= Mahila Atma Raksha Samiti =

Indian women's organisation

The Mahila Atma Raksha Samiti (মহিলা আত্মরক্ষা সমিতি, 'Women's Self-Defense Association, abbreviated MARS) was a women's movement in Bengal, India. MARS was a mass organisation linked to the Communist Party of India.

==Founding==
MARS was founded in 1942, in the midst of the Second World War and on the eve of the Great Bengal famine. Calcutta was filled with women fleeing the famine in the countryside, becoming prey for sexual exploitation (either sent to military camps or lured or forced into prostitution in the city). The number of women in the brothels of Calcutta doubled. Incidents of sexual abuse or kidnappings of local women by American soldiers were taking place. In reaction to these developments, a group of communist women organised MARS. MARS had its origin in the Congress Mahila Sangha, formed in Calcutta in 1939 with the objective to prepare for defense against a Japanese occupation of Bengal. In 1941 the group had been joined by communist women, some recently released from prison.

==Leadership==
Rani Mitra Dasgupta, Manikuntala Sen and Renu Chakravartty were key leaders of MARS. But the organisation also gathered prominent non-communist, liberal women like Rani Mahalanobis (wife of Prasanta Chandra Mahalanobis) and Leela Majumdar. Mahalanobis served as the president of MARS.

==Early struggles==
MARS supported the struggle for Indian independence, instructed women in self-defense, warned against fascism, demanded release of political prisoners and sought to defend the population from starvation. The organisation mobilised relief activities for famine-stricken communities. On 17 March 1943 MARS mobilized 5,000 women to march to the Bengal Legislative Assembly in protest against price hikes on food items. The Calcutta march was followed by hunger marches in Dinajpur, Chittagong, Midnapur, Badarganj, Madaripur, Pabna and Bankura. MARS held its first conference in April 1943. It was presided by Mohini Devi and Ela Reid acted as the organising secretary.

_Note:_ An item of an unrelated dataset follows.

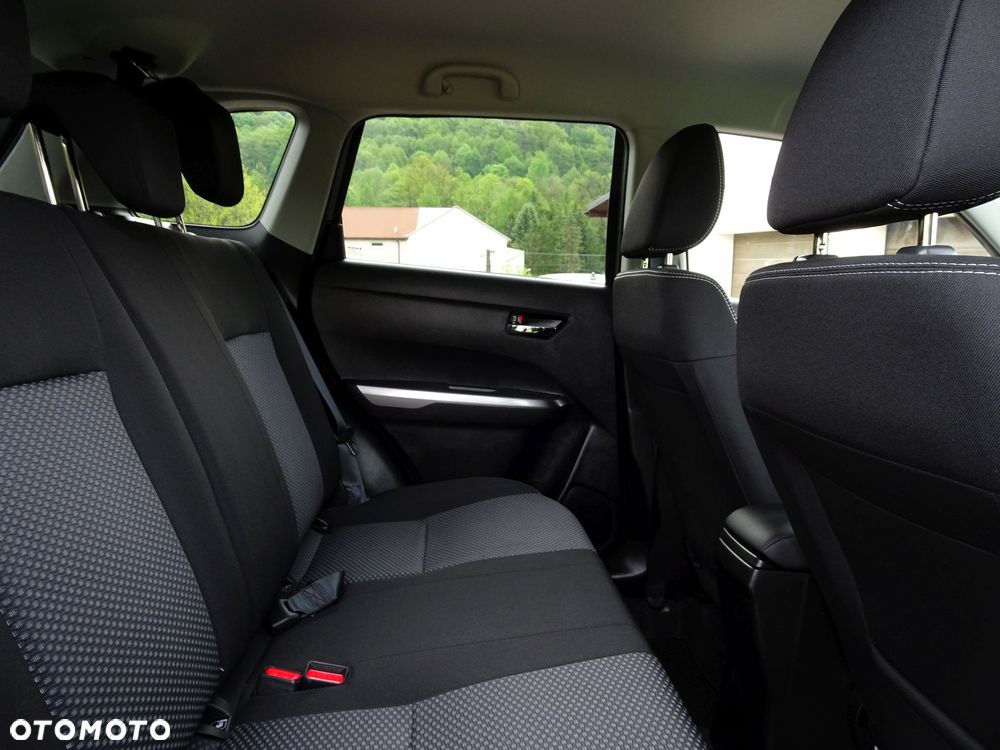 Suzuki Vitara 1.5 Dualjet Hybrid Allgrip AGS Comfort - 10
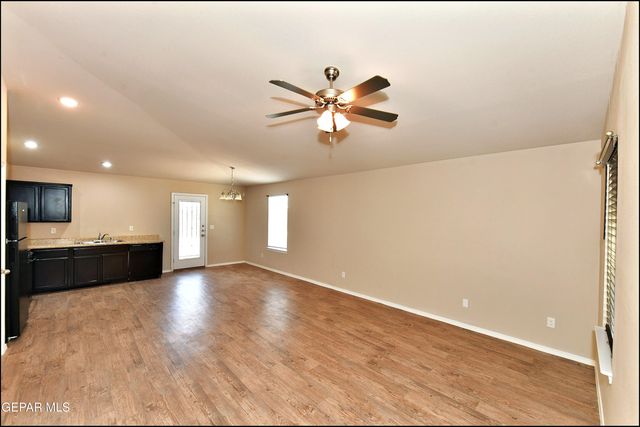 916 Villa Seca Drive, Horizon City, TX 79928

MARS branches were set up in every district of Bengal and protests were mobilized across he province. By 1944 the movement counted 43,500 members. MARS would later play a key role in the Tebhaga struggle. "Tebhaga andolan Jodi prodeep hoye taahole MARS holo sholte pakano" (If the Tebhaga movement were a lamp, then the Mahila Atmaraksha Samiti (MARS) represented the rolling of the wick). "By the time Tebhaga started, a critical factor had been at work that had prepared both urban and rural women in Bengal for participation in peasant struggle. This was the experience of joint political work in an organized women's movement coordinated by MARS since 1942, and the sustained interaction of urban MARS and Communist Party (CP) activists with a devastated rural populace in the relief work and political marches during and after the Bengal famine of 1943. This historical experience of MARS had marked women's participation in Tebhaga as qualitatively different from those in the pre-Tebhaga agrarian movements such as the Tanka, Hattola and Adhiar in which peasant women had already become politically active by 1937, though not in such large numbers as in Tebhaga."

==After Partition==
In 1947, the name of the organisation was changed to Paschim Bangha Mahila Atma Raksha Samti (পশ্চিমবঙ্গ মহিলা আত্মরক্ষা সমিতি, 'West Bengal Women's Self-Defense Association'). On 27 April 1949 MARS organised a rally in Calcutta in support of the hunger strike of political prisoners. Police opened fire on the demonstration at Bowbazar, killing six persons.

By April 1954 MARS claimed a membership of 18,000, out of whom the majority belonged to the peasantry or worked in jute mills. MARS took the initiative for the foundation of the National Federation of Indian Women two months later.